大阪大学大学院 人間科学研究科 教授/宗教社会学

 オムニサイトが始まったのは2017年の4月。あらゆるところに知があります。ところは場所、サイト。あらゆるはオムニ。そのために、オムニサイトと名付けました。学外と人科の知を融合して共創知を作っていく仕組みとしてはじまりました。


各団体と連携したきっかけや内容

 2017年5月に、すでに防災・見守り・観光の協働実践でつながりがあった一般社団法人(全国自治会活動支援ネット、全国寺社観光協会)2つと協定を結びました。2ヶ月後、奈良の一般社団法人今井町大和観光局と協定を結びました。

 2017年11月にオムニサイトのホームページを開設。OOS協定にもとづき、久宝寺緑地公園や泉大津市で防災町歩きを一緒に行いました。
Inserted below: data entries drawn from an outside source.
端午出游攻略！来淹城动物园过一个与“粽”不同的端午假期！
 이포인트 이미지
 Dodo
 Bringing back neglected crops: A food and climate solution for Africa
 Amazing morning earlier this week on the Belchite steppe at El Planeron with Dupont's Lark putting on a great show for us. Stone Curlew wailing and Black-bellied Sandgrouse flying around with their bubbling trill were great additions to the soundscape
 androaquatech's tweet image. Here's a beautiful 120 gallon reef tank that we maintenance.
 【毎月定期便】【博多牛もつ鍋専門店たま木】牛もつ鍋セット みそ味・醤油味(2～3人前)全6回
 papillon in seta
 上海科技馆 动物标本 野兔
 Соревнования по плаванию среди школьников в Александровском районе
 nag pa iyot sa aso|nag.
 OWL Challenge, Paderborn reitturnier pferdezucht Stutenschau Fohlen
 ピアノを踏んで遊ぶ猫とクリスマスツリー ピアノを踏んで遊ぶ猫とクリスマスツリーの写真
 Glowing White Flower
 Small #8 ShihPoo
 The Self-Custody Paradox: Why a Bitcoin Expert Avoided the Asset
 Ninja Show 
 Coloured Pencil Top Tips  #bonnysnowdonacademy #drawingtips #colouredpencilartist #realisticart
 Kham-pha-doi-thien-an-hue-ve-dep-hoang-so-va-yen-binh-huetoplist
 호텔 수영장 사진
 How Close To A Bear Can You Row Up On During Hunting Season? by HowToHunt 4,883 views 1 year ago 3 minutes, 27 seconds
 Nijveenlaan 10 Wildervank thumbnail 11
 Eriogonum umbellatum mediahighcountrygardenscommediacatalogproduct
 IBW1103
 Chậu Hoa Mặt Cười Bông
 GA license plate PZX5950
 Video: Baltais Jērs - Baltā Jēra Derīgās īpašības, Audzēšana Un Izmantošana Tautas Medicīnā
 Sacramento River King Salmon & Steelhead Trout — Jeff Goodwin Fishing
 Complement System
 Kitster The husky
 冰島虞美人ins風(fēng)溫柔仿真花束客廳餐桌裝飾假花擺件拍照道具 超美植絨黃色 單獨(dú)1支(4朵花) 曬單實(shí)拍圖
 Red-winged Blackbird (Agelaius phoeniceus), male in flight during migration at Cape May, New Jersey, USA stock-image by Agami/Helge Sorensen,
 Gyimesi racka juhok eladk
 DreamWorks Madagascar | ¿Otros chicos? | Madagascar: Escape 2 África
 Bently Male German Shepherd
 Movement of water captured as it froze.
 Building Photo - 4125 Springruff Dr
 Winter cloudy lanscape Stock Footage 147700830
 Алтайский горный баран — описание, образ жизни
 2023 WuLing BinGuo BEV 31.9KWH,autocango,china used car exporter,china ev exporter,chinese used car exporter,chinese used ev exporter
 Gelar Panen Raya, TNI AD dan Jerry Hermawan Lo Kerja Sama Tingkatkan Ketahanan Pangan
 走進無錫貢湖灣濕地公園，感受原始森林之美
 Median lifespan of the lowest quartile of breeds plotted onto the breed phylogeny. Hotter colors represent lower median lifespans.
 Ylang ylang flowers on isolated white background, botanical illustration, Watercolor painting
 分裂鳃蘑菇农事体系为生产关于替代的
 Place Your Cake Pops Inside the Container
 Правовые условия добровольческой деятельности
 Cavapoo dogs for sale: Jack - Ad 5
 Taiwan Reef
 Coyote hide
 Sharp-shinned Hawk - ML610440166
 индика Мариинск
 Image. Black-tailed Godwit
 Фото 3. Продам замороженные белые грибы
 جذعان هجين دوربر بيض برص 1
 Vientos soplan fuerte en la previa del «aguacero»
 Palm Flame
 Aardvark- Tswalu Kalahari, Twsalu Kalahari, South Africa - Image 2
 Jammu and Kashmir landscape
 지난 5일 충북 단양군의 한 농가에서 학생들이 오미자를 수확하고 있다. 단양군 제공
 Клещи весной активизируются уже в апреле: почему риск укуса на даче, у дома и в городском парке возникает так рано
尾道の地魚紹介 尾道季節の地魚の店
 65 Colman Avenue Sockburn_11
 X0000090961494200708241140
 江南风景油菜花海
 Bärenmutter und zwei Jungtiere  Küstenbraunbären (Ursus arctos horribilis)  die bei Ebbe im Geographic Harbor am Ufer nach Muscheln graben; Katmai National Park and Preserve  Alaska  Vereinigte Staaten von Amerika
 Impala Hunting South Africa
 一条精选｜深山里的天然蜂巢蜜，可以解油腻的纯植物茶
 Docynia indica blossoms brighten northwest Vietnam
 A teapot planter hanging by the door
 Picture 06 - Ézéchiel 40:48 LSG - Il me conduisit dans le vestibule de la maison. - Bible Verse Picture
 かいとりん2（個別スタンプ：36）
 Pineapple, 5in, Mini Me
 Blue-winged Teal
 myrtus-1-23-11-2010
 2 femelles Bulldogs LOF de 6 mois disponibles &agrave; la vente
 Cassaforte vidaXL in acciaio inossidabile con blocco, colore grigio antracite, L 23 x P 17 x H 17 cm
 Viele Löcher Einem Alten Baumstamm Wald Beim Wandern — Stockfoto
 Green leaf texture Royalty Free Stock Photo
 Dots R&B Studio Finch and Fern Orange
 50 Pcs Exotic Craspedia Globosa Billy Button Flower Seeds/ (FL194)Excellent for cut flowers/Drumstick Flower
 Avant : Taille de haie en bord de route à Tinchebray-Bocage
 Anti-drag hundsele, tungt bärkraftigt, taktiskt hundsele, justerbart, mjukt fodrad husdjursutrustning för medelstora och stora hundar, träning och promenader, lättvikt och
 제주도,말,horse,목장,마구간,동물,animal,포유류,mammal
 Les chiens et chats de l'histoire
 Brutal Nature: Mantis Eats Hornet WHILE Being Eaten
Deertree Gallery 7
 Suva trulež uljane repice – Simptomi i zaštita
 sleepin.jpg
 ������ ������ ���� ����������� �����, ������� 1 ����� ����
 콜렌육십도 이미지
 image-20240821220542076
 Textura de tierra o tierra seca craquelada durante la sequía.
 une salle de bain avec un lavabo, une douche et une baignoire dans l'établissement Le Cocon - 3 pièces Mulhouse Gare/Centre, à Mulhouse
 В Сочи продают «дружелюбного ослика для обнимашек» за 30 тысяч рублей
 この動きは企業にも広げていく必要があるだろうと考え、次は2018年4月にパナソニックホームズ株式会社と協定を結び、大阪大学グローバルビレッジのソフト面での仕組みを一緒に構想しました。そして、防災・見守りの実験を重ねてきたNTN株式会社とも協定を結び、一緒に防災フェアをしました。


共創知は一緒になって創っていく

 支え合う共生社会を創ろうと考えたとして、大学の専門知だけでは社会は変わりません。学問的に研究したものを社会実装していくという時には、当然ながらパートナーとして社会の様々な人と繋がる必要があります。そのような繋がりがなければ、一緒に創りあげていくという共創がなければ、社会のニーズに本当に沿っているのかも分わかりません。パートナーシップで、様々なことを共に実践していく中に生まれてくるものがあります。私自身は、利他主義、支え合う共生社会を創る上で何ができるかと考えた時に、これまでの自分の研究実践をもとに安心安全の社会の構築に貢献したいと思いました。そこで日本社会に長くある寺と神社、宗教施設を地域資源として、科学技術も導入して取り組んでいく方向が定まりました。パートナーがたくさんいます。どちらかが一方的に「知」を伝えるのではなく、一緒になって創っていくのです。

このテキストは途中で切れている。